Start of Block

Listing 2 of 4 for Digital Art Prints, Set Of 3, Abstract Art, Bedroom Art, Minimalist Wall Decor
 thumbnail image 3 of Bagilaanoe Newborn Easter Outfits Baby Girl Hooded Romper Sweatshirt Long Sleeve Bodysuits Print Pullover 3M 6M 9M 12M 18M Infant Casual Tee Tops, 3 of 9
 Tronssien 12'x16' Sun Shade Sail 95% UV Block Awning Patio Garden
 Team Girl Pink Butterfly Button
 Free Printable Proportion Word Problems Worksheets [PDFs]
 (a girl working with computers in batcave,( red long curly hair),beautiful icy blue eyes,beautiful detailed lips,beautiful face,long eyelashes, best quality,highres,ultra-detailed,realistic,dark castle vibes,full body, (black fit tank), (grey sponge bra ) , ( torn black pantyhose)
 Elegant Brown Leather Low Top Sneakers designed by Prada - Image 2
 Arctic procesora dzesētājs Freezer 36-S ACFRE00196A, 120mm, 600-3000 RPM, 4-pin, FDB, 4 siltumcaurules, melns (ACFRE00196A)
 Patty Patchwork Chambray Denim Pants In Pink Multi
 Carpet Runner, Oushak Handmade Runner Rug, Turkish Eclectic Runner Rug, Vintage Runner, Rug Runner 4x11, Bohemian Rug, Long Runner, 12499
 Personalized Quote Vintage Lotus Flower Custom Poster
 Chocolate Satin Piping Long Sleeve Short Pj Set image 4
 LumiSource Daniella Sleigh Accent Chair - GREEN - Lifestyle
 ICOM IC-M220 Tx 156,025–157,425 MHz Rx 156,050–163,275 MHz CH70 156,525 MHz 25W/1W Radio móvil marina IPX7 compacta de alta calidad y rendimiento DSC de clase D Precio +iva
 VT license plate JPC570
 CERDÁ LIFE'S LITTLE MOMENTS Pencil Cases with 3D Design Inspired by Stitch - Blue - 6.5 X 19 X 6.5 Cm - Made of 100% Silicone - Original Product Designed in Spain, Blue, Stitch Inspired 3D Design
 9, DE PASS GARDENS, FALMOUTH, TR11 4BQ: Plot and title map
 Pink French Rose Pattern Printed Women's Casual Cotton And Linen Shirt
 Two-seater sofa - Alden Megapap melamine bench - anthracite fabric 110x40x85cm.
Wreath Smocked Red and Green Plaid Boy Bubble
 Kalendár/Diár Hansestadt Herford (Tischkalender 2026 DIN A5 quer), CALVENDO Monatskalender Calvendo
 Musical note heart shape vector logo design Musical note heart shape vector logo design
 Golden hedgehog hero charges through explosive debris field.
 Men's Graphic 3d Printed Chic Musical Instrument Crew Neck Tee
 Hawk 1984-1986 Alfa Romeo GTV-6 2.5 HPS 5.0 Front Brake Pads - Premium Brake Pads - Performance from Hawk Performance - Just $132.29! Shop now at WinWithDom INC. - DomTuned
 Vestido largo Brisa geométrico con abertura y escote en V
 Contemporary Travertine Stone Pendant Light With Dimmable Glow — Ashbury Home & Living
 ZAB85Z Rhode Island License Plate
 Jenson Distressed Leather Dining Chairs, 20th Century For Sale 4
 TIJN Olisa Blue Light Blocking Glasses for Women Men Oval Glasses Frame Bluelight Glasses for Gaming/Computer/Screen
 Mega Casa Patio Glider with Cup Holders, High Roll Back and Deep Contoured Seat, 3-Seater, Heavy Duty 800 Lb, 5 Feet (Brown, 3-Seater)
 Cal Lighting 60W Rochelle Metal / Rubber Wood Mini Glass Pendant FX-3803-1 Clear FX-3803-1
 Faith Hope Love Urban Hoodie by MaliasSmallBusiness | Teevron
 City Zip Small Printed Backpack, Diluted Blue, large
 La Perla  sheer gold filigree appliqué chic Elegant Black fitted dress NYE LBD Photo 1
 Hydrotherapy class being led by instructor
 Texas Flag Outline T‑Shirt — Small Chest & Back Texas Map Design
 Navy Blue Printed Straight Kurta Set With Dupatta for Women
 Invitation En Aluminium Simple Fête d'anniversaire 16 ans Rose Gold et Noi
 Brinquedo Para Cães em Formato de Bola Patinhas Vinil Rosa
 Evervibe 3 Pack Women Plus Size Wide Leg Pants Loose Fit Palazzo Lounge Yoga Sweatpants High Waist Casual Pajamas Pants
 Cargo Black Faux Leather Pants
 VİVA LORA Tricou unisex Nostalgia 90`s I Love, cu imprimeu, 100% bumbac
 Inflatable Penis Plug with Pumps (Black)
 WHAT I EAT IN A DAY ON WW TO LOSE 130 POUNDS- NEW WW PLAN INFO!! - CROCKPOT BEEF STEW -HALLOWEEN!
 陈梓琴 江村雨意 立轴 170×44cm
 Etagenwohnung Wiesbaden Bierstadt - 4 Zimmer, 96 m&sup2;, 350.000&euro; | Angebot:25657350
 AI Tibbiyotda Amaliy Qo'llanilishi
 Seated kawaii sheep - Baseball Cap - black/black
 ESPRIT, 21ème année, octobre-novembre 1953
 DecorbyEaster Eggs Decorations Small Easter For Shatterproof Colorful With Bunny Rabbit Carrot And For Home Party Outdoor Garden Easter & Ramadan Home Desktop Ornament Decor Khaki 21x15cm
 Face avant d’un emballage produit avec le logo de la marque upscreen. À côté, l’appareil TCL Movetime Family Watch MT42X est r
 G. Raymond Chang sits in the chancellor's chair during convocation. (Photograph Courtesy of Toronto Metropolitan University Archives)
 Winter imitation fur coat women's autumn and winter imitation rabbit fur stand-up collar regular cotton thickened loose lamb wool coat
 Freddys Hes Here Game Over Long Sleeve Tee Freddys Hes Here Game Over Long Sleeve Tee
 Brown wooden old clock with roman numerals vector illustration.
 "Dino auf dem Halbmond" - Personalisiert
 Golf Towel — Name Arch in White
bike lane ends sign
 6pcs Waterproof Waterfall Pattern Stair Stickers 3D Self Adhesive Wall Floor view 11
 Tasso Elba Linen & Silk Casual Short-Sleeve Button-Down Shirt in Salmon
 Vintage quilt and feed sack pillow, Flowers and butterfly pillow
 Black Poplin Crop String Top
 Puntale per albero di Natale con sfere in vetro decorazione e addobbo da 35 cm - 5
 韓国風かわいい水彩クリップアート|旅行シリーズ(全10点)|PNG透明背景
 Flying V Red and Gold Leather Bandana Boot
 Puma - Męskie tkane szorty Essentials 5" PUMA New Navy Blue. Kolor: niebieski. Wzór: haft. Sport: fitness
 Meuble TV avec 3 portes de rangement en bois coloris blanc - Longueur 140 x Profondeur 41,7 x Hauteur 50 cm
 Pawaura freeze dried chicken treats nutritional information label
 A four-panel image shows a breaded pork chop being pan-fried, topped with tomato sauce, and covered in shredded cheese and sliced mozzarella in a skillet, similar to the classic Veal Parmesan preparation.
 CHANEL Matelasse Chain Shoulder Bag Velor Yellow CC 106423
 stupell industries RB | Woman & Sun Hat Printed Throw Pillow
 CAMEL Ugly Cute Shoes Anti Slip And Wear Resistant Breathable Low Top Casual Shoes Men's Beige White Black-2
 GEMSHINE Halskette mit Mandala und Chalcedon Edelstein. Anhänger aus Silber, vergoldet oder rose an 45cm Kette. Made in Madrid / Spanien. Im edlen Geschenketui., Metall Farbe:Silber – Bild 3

End of Block

**TASK DESCRIPTION**
Reprint the data above from the opening line to the line holding "Wreath Smocked Red and Green Plaid Boy Bubble", inclusive, and nothing else.

**ANSWER SECTION**
Listing 2 of 4 for Digital Art Prints, Set Of 3, Abstract Art, Bedroom Art, Minimalist Wall Decor
 thumbnail image 3 of Bagilaanoe Newborn Easter Outfits Baby Girl Hooded Romper Sweatshirt Long Sleeve Bodysuits Print Pullover 3M 6M 9M 12M 18M Infant Casual Tee Tops, 3 of 9
 Tronssien 12'x16' Sun Shade Sail 95% UV Block Awning Patio Garden
 Team Girl Pink Butterfly Button
 Free Printable Proportion Word Problems Worksheets [PDFs]
 (a girl working with computers in batcave,( red long curly hair),beautiful icy blue eyes,beautiful detailed lips,beautiful face,long eyelashes, best quality,highres,ultra-detailed,realistic,dark castle vibes,full body, (black fit tank), (grey sponge bra ) , ( torn black pantyhose)
 Elegant Brown Leather Low Top Sneakers designed by Prada - Image 2
 Arctic procesora dzesētājs Freezer 36-S ACFRE00196A, 120mm, 600-3000 RPM, 4-pin, FDB, 4 siltumcaurules, melns (ACFRE00196A)
 Patty Patchwork Chambray Denim Pants In Pink Multi
 Carpet Runner, Oushak Handmade Runner Rug, Turkish Eclectic Runner Rug, Vintage Runner, Rug Runner 4x11, Bohemian Rug, Long Runner, 12499
 Personalized Quote Vintage Lotus Flower Custom Poster
 Chocolate Satin Piping Long Sleeve Short Pj Set image 4
 LumiSource Daniella Sleigh Accent Chair - GREEN - Lifestyle
 ICOM IC-M220 Tx 156,025–157,425 MHz Rx 156,050–163,275 MHz CH70 156,525 MHz 25W/1W Radio móvil marina IPX7 compacta de alta calidad y rendimiento DSC de clase D Precio +iva
 VT license plate JPC570
 CERDÁ LIFE'S LITTLE MOMENTS Pencil Cases with 3D Design Inspired by Stitch - Blue - 6.5 X 19 X 6.5 Cm - Made of 100% Silicone - Original Product Designed in Spain, Blue, Stitch Inspired 3D Design
 9, DE PASS GARDENS, FALMOUTH, TR11 4BQ: Plot and title map
 Pink French Rose Pattern Printed Women's Casual Cotton And Linen Shirt
 Two-seater sofa - Alden Megapap melamine bench - anthracite fabric 110x40x85cm.
Wreath Smocked Red and Green Plaid Boy Bubble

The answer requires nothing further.